Excerpt: 'Tab Hunter Confidential'
Oct. 18, 2005— -- The public knew Tab Hunter as one of Hollywood's hottest stars, the object of every teenage girl's affection. He seemed to have it all -- fame, money and talent.
But in his new book, "Tab Hunter Confidential: The Making of a Movie Star," Hunter reveals details of his private life that he could not share until now. Hunter writes about how his father abandoned the family, his mother struggled with bouts of instability, his brother was killed in Vietnam, and how he himself suffered molestation by a school choir master. Even when he made it out of a life of poverty, Hunter was haunted by fear that the public would discover that he is gay.
"Better to get it from the horse's mouth, I decided, and not from some horse's ass," Hunter has said.
In the book, Hunter describes how he became a Hollywood creation, right down to his name, which was chosen because he loved riding hunter and jumper horses (His given name is Arthur Gelien.) The studios were always setting up dates with potential leading ladies, from Natalie Wood to Debbie Reynolds.
"Natalie was like a little filly finding her legs," Hunter recalled. "Debbie was fun. We used to play baseball with her mother's biscuits they were so bad."
Hunter never confided his true sexual identity to any of his "girlfriends," describing himself as "very private."

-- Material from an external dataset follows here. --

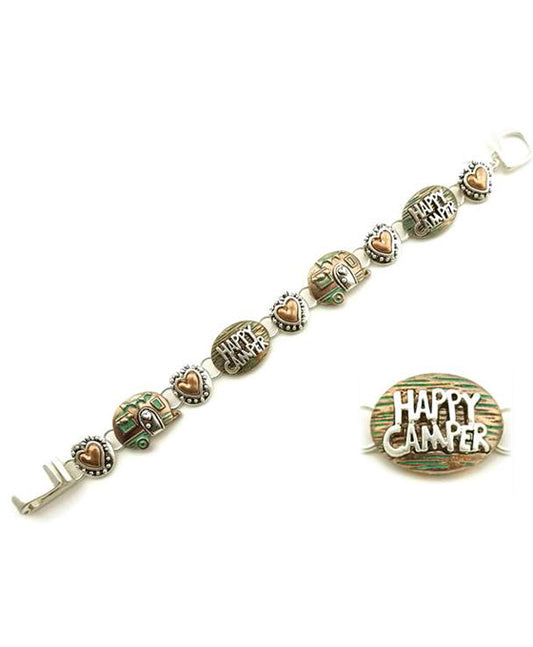 Happy Camper Magnetic Bracelet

Hunter paid Confidential magazine $10,000 to suppress photos of him and fellow actor Anthony Perkins, whom he dated for a few years. But Hunter said the public would have believed what it wanted, even if the pictures came out.
"I became the hottest star at Warner Brothers at that time. It was amazing," Hunter said. "People believe what they want to believe."
Hunter said he is not bitter about having to hide his private life at the peak of his career, and still has trouble feeling pride about his sexuality.
His satisfaction about his career is reflected in the final passage of his book, which Hunter read for "GMA":
"If you happen to spot me, in the middle of some seemingly insignificant chore, lifting my face to the sky and mumbling something -- don't worry. I'm only saying, 'Thank you.' That's what life is all about."
You can read an excerpt from "Tab Hunter Confidential: The Making of a Movie Star" below.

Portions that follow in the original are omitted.